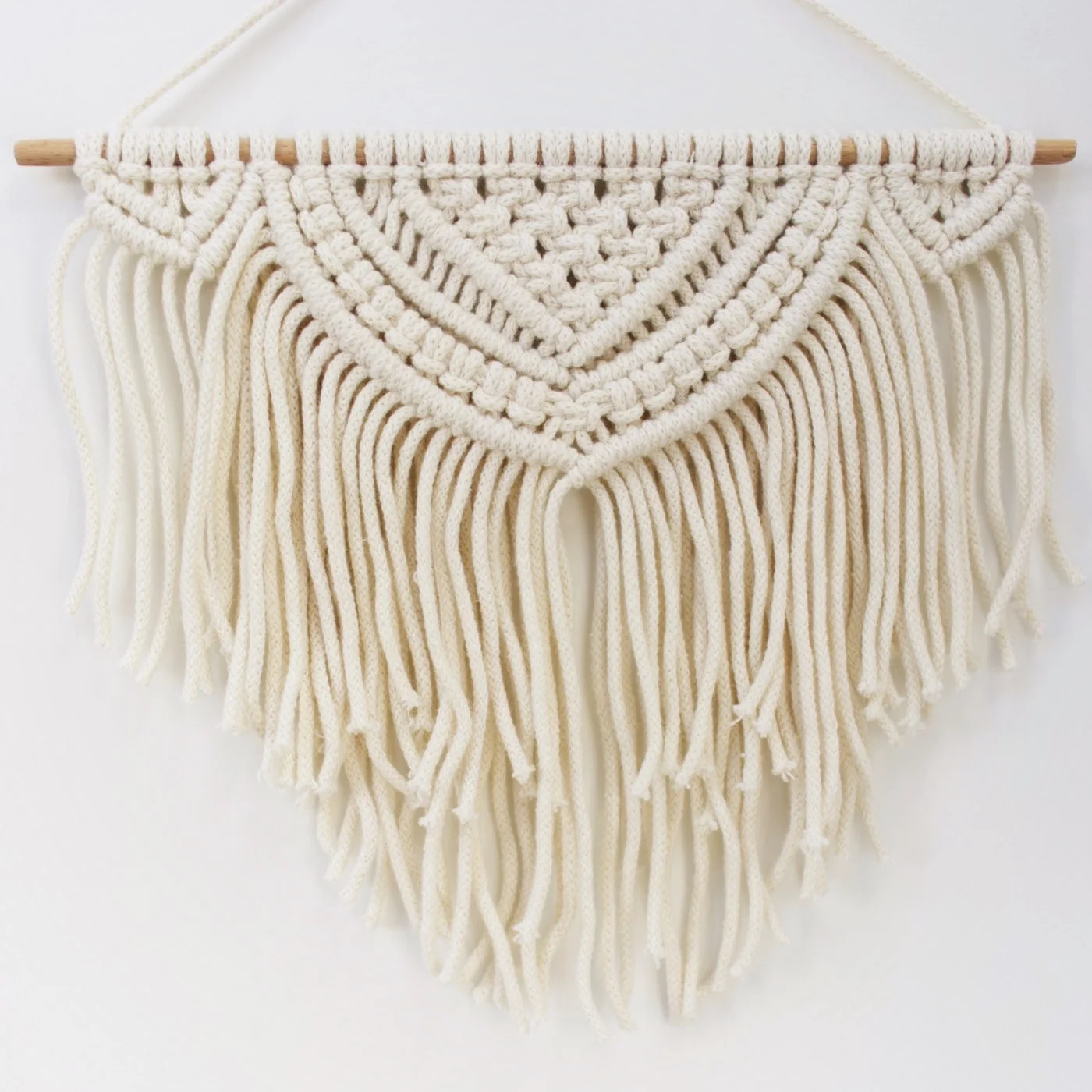 Mini Taj Mahal Bohém Natúr Falidísz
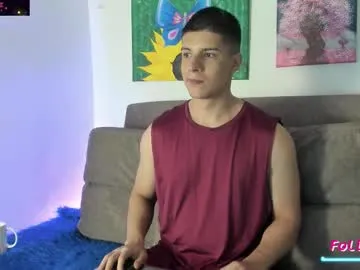 cory_okell live cam preview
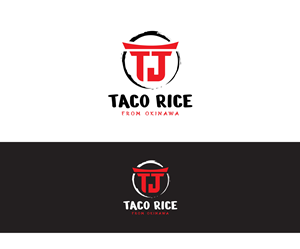 Logo Design by YourLogoMaster for this project | Design: #33383152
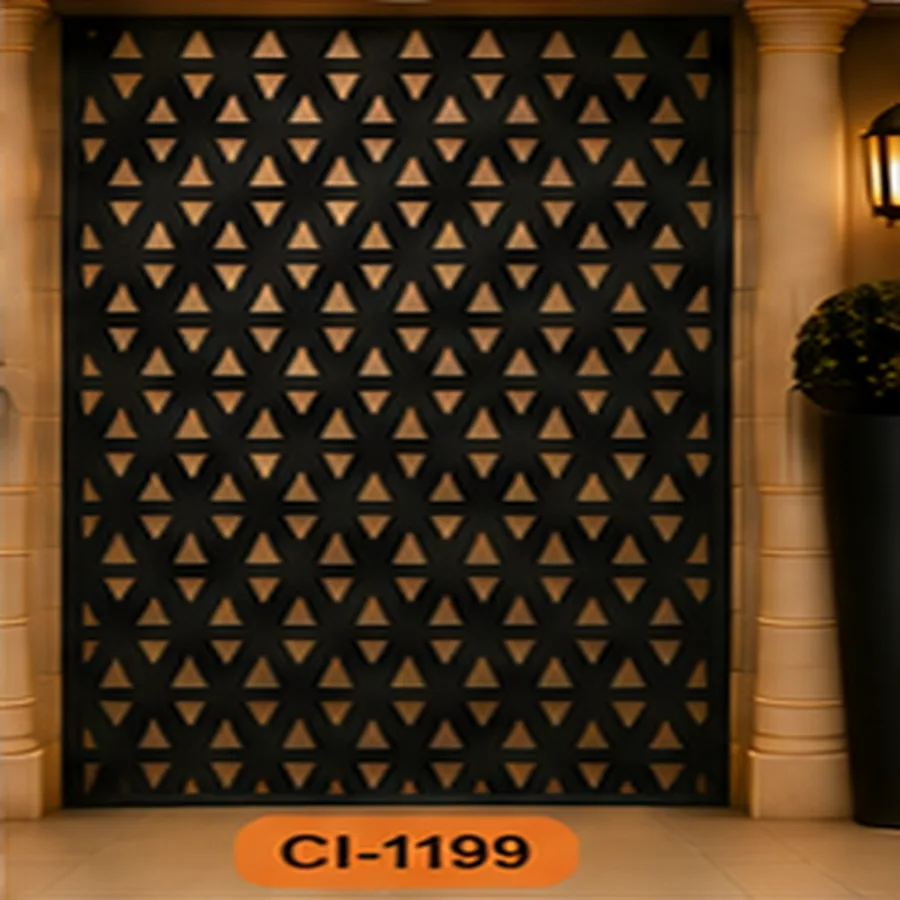 Ci 1199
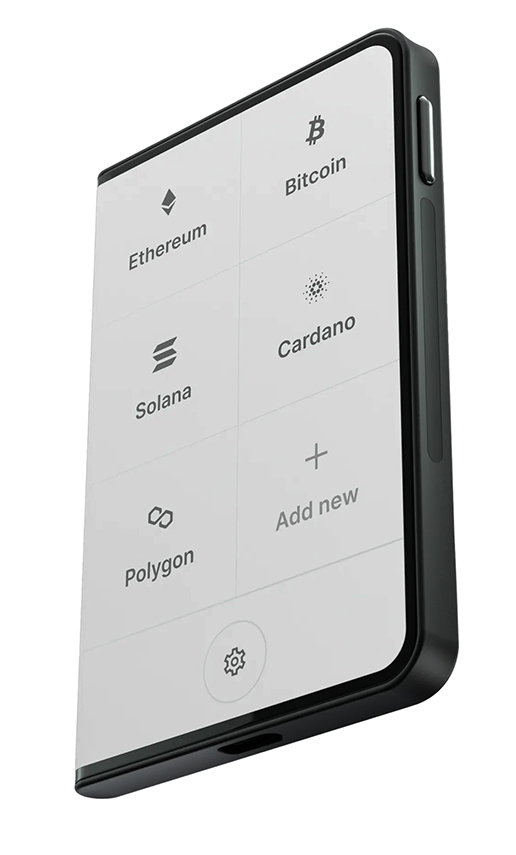 Demo Image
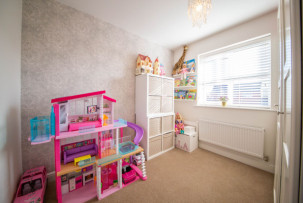  To Rent in Crow Lane East, NEWTON-LE-WILLOWS | Jump-Pad – Newton-le-Willows - 20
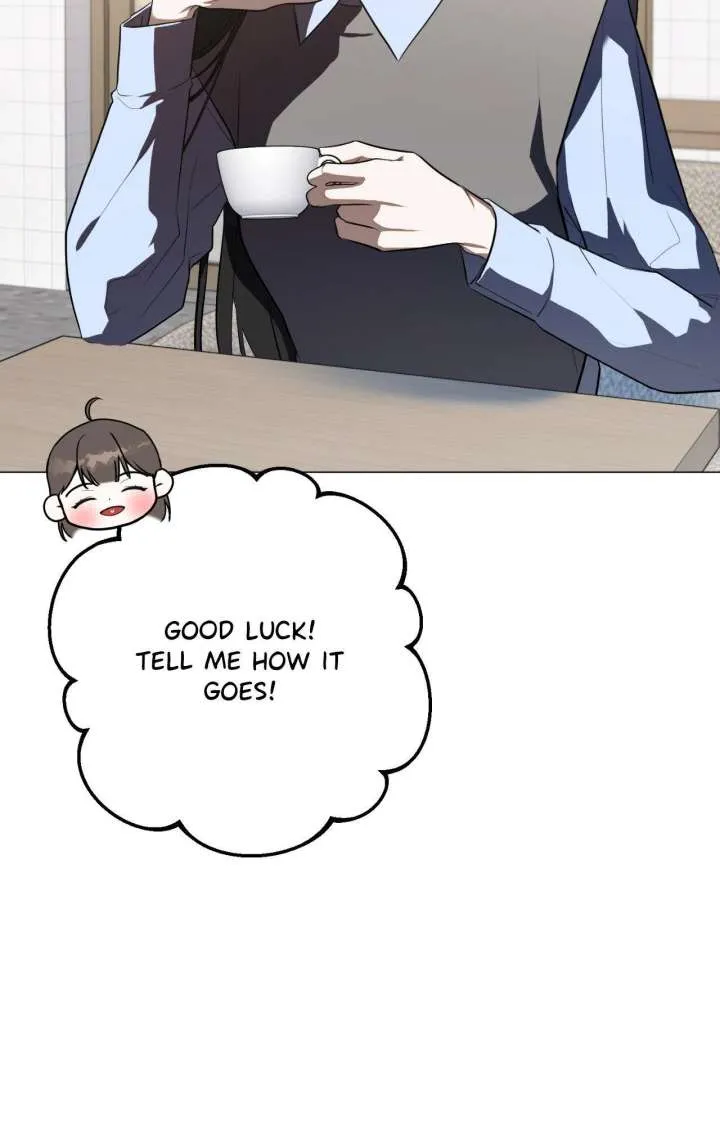 Next to Me, You Chapter 31 Online - página 45
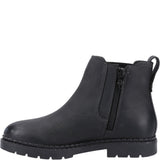 Hush Puppies Mini Preston Boot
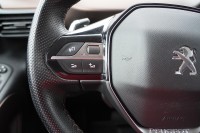 Peugeot Rifter L1 Allure GT-Line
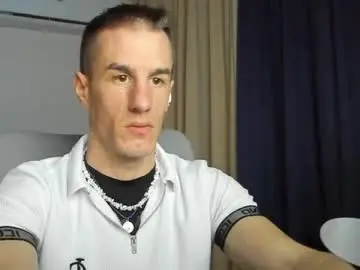 Chaturbate Watch Live Sex Cams of axl_fx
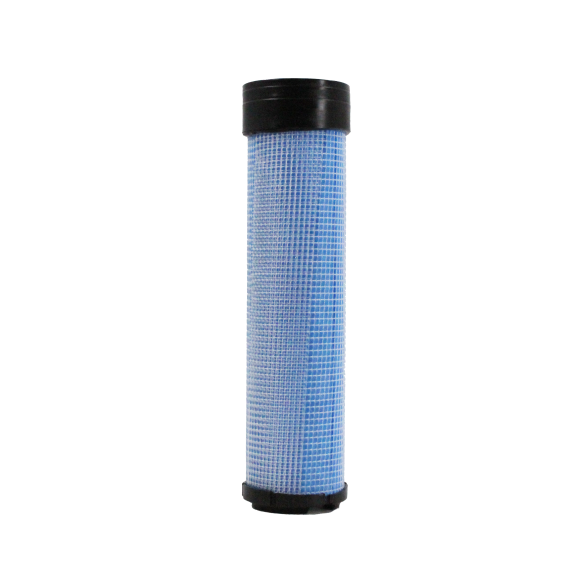 Holm A20-0675-HOL Safety Air Filter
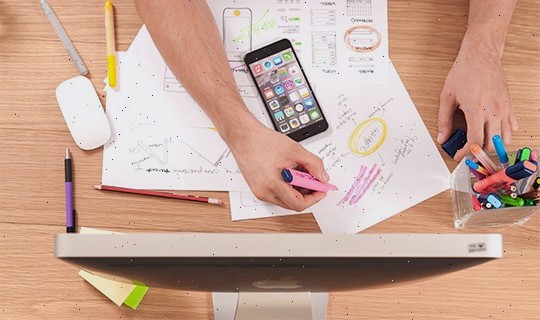 Citrix Secure Access Installation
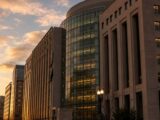 تحذير من CFTC لأسواق التوقعات بشأن تقارير الحوافز الناقصة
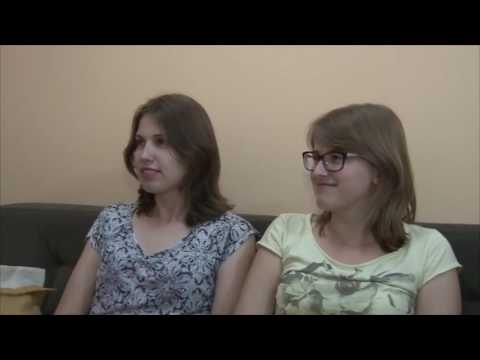 TJ UFSC 15/03/16 - Preço de imóveis em Floripa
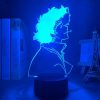 5DC76F5664165F885A00F206F84A29BA - Anime Lamps Shop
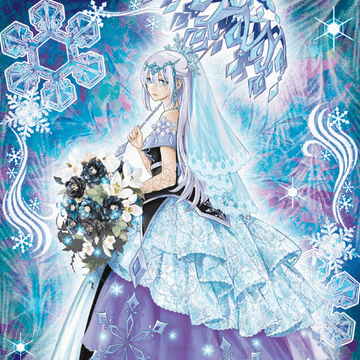 What is, in your opinion, the single most beautiful card in the whole of  Yugioh? : r/yugioh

----------------------------------------

_Problem details:_ The first line of the entries, the line containing "TJ UFSC 15/03/16", and every line between them are to be output exactly; pictures are not.

_Task response:_
 Mini Taj Mahal Bohém Natúr Falidísz
 cory_okell live cam preview
 Logo Design by YourLogoMaster for this project | Design: #33383152
 Ci 1199
 Demo Image
  To Rent in Crow Lane East, NEWTON-LE-WILLOWS | Jump-Pad – Newton-le-Willows - 20
 Next to Me, You Chapter 31 Online - página 45
 Hush Puppies Mini Preston Boot
 Peugeot Rifter L1 Allure GT-Line
 Chaturbate Watch Live Sex Cams of axl_fx
 Holm A20-0675-HOL Safety Air Filter
 Citrix Secure Access Installation
 تحذير من CFTC لأسواق التوقعات بشأن تقارير الحوافز الناقصة
 TJ UFSC 15/03/16 - Preço de imóveis em Floripa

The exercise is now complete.